=== Section Start ===

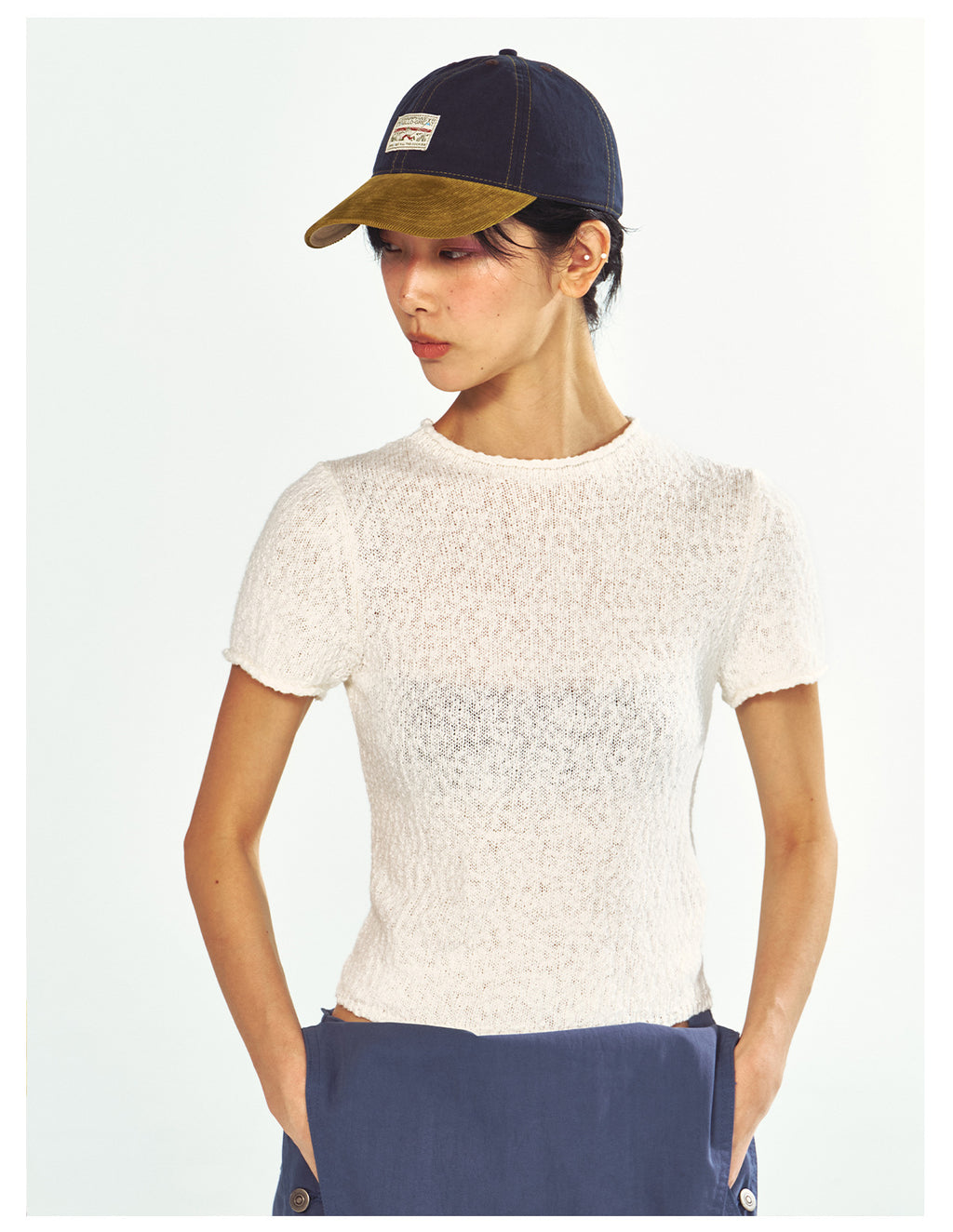 Textured Cotton Half-turtleneck Short-sleeve Knit t-Shirt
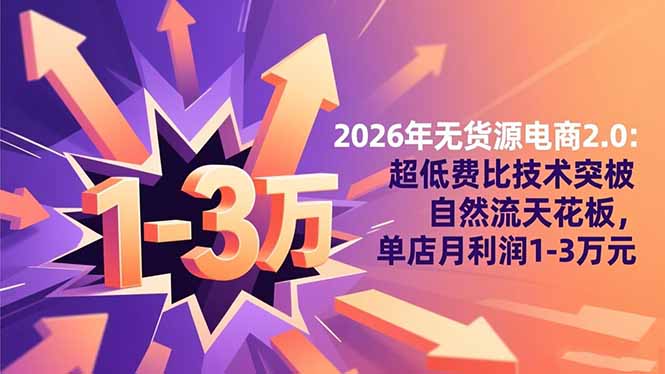 2026年无货源电商2.0：超低费比技术突破自然流天花板，单店月利润1-3万元-资源社·项目库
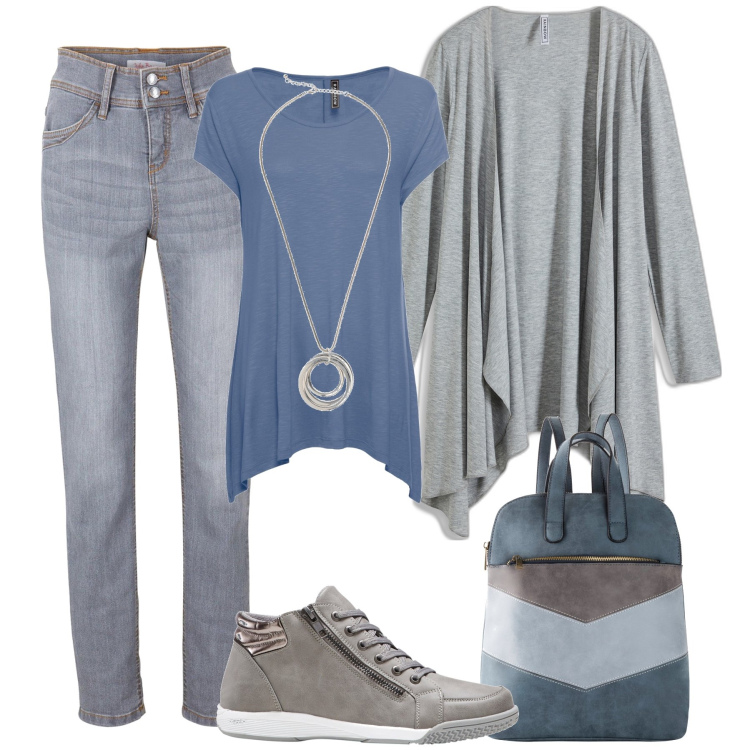 Outfit donna - I jeans grigio used. Stile Casual per Tutti i giorni. Abbinamento con sneakers alte, maglieria, jeans slim fit, cardigans, zaini, collane.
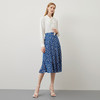 EITIE爱特爱秋季新款气质复古蓝色底调碎花A字高腰显瘦半身裙C2206012 商品缩略图3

=== Section End ===

The listing is to be repeated word for word, with all pictures omitted.

 Textured Cotton Half-turtleneck Short-sleeve Knit t-Shirt
 2026年无货源电商2.0：超低费比技术突破自然流天花板，单店月利润1-3万元-资源社·项目库
 Outfit donna - I jeans grigio used. Stile Casual per Tutti i giorni. Abbinamento con sneakers alte, maglieria, jeans slim fit, cardigans, zaini, collane.
 EITIE爱特爱秋季新款气质复古蓝色底调碎花A字高腰显瘦半身裙C2206012 商品缩略图3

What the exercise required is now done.